Wednesday, March 4, 2009

An Open Letter to a Conservative Christian Blogger

This post is a response to a conversation started on another blog, and takes the form of an open letter to the author of that blog. I was invited by a new acquaintance to read a blog post critical of Christian universalism (the version of Christianity which holds that all will eventually be saved, even if some must suffer in alienation from God before they finally accept divine grace). Among other things, the author of that post was under the impression that universalists emphasize God’s love at the expense of God’s justice and holiness. I responded to this in part by summarizing some arguments concerning justice and holiness that I have developed in philosophical articles. The blog’s author opened her reply with a comment that, to put the point bluntly, stunned me. This open letter is an extended reply to that comment. In brief, it is an attempt to highlight the need for approaching the Bible holistically and philosophically.

Those interested in seeing the (ongoing) discussion and debate at the blog site that sparked this entry, or want to read this post in the context of that debate, should go here.

Kristin,

You wrote:

On the issue of justice, if you believe (as I do and as Steven is arguing) that the Bible is the infallible Word of God, it is not necessary to argue about God’s justice philisophically (sic). What you have done is try to explain how God could or should punish or atone for sin. But in taking the Bible as absolute truth we know that “the wages of sin is death.” The Bible states over and over again that God’s punishment for sin is “death” as in eternal separation from Him, the opposite of life. It is not up to us to rewrite this simply because we do not agree with the length or severity of the punishment.


I want to make a few points in response to this.

That you think your theory about the nature of the Bible’s authority implies you needn’t think in a sustained and careful way on the matter of God’s justice (or attend carefully to those who do) is disturbing to me on many levels.

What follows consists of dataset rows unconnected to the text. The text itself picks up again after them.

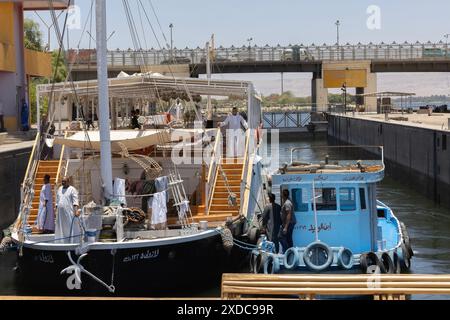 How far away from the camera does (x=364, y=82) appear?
82.2 metres

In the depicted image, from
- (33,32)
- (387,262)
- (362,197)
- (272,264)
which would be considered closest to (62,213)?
(272,264)

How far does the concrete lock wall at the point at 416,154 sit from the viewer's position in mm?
32844

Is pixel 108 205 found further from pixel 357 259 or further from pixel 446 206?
pixel 446 206

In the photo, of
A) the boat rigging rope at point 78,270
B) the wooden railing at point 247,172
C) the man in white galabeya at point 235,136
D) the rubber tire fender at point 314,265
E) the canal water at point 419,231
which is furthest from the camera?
the man in white galabeya at point 235,136

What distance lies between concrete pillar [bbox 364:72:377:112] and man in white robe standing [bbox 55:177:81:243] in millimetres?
70342

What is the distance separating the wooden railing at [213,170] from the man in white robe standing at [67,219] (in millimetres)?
3845

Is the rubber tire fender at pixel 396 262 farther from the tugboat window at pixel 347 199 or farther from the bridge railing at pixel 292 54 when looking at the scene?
the bridge railing at pixel 292 54

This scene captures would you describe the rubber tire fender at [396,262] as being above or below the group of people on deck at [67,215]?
→ below

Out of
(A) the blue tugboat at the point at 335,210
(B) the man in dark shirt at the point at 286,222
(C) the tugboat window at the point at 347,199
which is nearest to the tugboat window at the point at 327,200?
(A) the blue tugboat at the point at 335,210

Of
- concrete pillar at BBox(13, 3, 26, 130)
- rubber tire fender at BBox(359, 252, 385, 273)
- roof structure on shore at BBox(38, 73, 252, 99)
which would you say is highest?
concrete pillar at BBox(13, 3, 26, 130)

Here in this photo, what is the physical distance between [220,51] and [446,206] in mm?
52200

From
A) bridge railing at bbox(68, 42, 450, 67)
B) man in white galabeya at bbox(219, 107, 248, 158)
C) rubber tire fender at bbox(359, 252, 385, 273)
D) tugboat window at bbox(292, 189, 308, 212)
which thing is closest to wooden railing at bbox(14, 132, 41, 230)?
man in white galabeya at bbox(219, 107, 248, 158)

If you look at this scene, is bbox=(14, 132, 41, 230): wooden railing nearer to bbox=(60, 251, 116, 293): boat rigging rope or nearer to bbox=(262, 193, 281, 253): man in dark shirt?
bbox=(60, 251, 116, 293): boat rigging rope

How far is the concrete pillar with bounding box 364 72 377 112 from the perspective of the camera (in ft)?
274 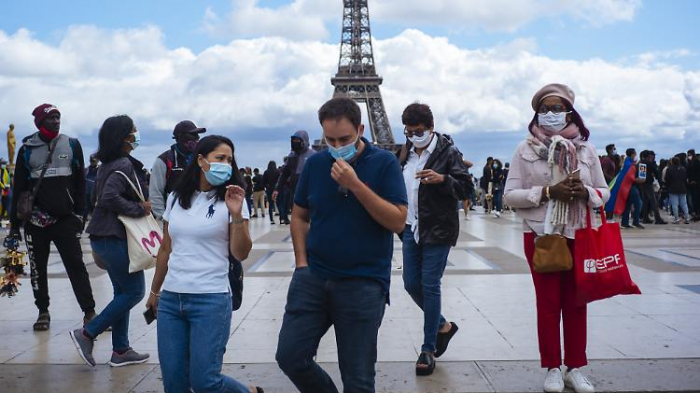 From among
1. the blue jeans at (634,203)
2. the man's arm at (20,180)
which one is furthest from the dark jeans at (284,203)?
the man's arm at (20,180)

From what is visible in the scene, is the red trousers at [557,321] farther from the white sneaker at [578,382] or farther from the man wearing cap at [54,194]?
the man wearing cap at [54,194]

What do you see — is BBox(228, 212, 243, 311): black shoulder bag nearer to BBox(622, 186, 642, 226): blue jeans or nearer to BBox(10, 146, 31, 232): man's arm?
BBox(10, 146, 31, 232): man's arm

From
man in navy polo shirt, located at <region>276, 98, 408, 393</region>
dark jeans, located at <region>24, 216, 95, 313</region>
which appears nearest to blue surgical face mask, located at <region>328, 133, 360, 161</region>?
man in navy polo shirt, located at <region>276, 98, 408, 393</region>

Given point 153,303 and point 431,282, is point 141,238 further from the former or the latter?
point 431,282

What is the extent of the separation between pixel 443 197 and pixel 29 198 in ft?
11.0

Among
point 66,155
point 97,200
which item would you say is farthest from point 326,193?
point 66,155

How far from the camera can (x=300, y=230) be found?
3.44m

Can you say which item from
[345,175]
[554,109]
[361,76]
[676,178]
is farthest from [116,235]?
[361,76]

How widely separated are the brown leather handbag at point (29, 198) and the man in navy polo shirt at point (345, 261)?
344 cm

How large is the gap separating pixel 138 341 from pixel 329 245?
10.2ft

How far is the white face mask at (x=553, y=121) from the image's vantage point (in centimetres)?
440

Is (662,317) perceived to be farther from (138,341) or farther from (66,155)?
(66,155)

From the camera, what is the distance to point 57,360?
205 inches

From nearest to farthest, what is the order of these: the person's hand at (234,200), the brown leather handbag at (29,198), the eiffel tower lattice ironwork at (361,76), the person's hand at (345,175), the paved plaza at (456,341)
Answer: the person's hand at (345,175) → the person's hand at (234,200) → the paved plaza at (456,341) → the brown leather handbag at (29,198) → the eiffel tower lattice ironwork at (361,76) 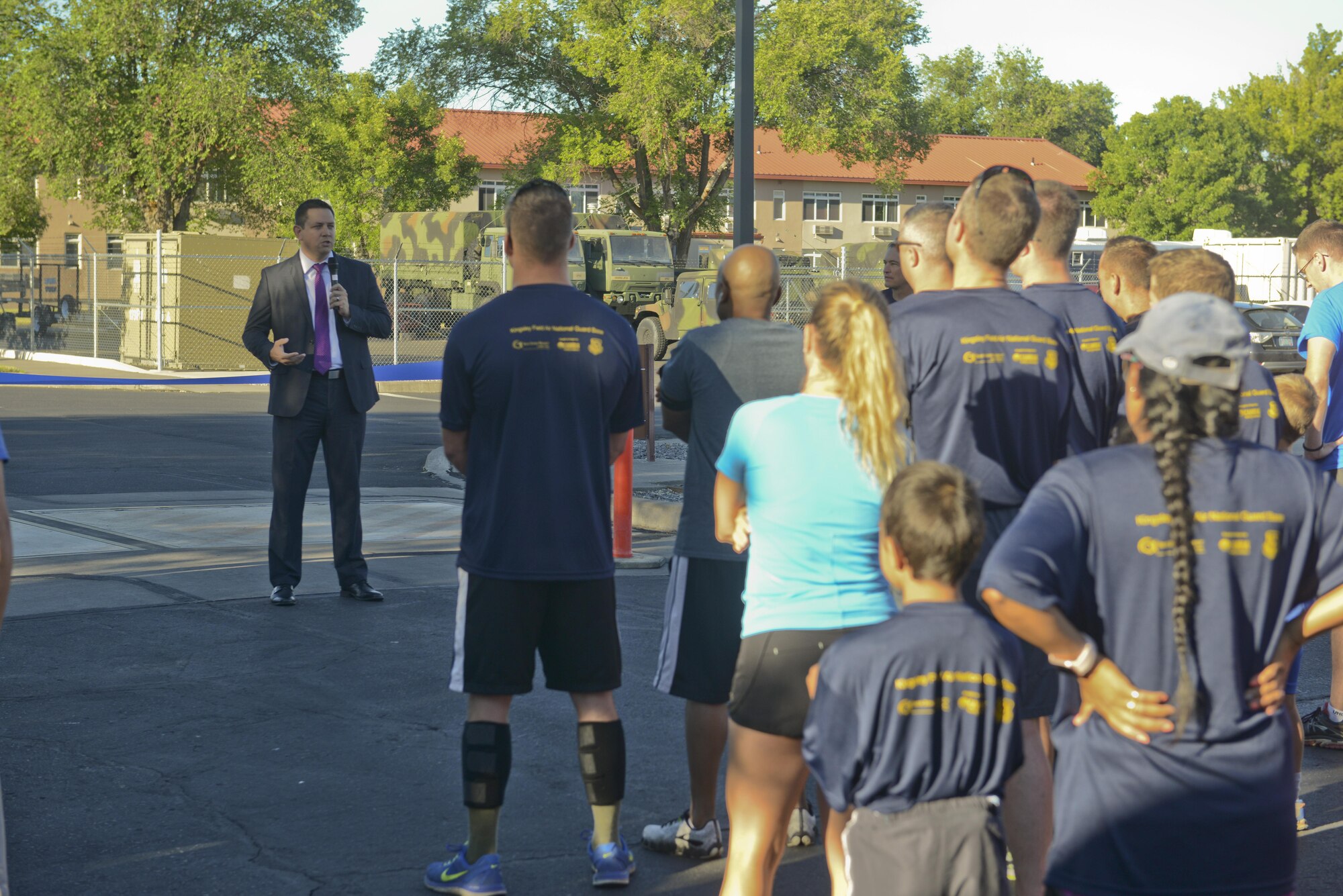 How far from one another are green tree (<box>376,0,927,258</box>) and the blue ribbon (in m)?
17.3

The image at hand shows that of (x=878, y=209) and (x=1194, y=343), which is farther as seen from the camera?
(x=878, y=209)

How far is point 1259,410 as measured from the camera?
3.98 metres

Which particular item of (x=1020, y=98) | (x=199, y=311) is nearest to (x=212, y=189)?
(x=199, y=311)

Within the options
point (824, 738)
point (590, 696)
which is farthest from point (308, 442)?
point (824, 738)

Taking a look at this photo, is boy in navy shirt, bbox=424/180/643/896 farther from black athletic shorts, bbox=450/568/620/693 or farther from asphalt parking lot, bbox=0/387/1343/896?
asphalt parking lot, bbox=0/387/1343/896

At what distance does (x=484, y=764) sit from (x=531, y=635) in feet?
1.24

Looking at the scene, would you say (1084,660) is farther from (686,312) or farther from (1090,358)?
(686,312)

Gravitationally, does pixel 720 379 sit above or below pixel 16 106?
below

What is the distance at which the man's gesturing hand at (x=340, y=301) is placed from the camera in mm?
7652

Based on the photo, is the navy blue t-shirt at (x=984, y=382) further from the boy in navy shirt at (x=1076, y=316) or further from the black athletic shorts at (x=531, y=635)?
the black athletic shorts at (x=531, y=635)

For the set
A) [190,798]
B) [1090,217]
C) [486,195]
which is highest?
[1090,217]

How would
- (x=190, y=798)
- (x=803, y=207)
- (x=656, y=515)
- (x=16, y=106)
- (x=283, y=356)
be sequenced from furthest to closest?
(x=803, y=207)
(x=16, y=106)
(x=656, y=515)
(x=283, y=356)
(x=190, y=798)

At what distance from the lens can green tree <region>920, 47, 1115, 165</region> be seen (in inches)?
4267

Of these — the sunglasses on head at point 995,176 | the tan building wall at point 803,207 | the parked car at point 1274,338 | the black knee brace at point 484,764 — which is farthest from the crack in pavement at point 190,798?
the tan building wall at point 803,207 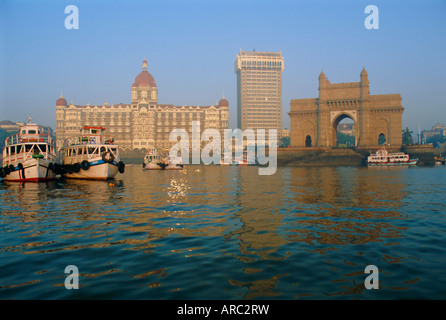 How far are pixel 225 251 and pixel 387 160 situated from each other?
2769 inches

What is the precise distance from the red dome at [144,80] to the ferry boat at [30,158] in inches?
4788

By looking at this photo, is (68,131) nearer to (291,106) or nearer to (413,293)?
(291,106)

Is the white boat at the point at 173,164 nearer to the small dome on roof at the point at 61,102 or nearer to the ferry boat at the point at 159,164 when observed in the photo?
the ferry boat at the point at 159,164

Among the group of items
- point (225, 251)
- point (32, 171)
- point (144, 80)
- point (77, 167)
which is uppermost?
point (144, 80)

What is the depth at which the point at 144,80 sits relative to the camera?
509 ft

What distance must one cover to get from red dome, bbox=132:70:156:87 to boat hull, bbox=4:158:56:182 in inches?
4961

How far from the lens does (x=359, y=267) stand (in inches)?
302

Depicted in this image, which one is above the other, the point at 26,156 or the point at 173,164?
the point at 26,156

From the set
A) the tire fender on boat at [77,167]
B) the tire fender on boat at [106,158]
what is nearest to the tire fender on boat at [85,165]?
the tire fender on boat at [77,167]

First, it’s just not true that a doctrine of biblical inerrantism has this implication. The complexity of the text (not to mention the apparent contradictions when every passage is read literally), the enormous difficulty of interpreting lines of thought whose language is often ambiguous, and the challenge of piecing together a theology from the raw material of a book that is often more about telling stories and exhorting believers in metaphorical and poetic hyperbole—well, all of these things entail that on any major issue, such as the construal of God’s justice, we will need to think systematically and deeply—that is, philosophically—in order to figure out which theological position fits best with the entirety of the biblical witness.

Second, the fact that so many who ascribe to biblical inerrantism are quick to abandon careful thought in favor of shallow proof-texting is just one more of the “bad fruits” of this theory (and yes, it is one theory among many concerning how to understand the nature of the Bible, its authority, and its relation to divine self-disclosure). For more bad fruits, see the chapter on “Divine Tyranny and the Goodness of God” in my book. I'd be interested in seeing how you would defend your inerrantist theory against my concerns raised there.

On this point, let me just briefly comment on you concluding remark, namely this: “I believe what God has revealed to me (to all of us) in His Word. To not do so is to not only limit Him but reject His very revelation of Himself.”

Of course, every theist, not to mention every Christian, should trust in God’s self-disclosure or revelation (no matter how difficult it may be to capture that self-disclosure within the limits of merely human concepts). The question is how the Bible is related to that self-disclosure. You seem to think the Bible is the ultimate self-disclosure of God. But I think the more clearly Christian view is to hold that Jesus is the ultimate self-disclosure of God in history. In fact, the Bible never calls itself “the Word” of God. In the opening passage from the Gospel of John, it is Jesus who is named by that title.


And as I argue in my book, there is good reason to think that God would favor revealing Himself in loving relationships with living persons over revealing Himself in the static pages of a text--the Word made flesh, rather than the Word made ink-and-parchment.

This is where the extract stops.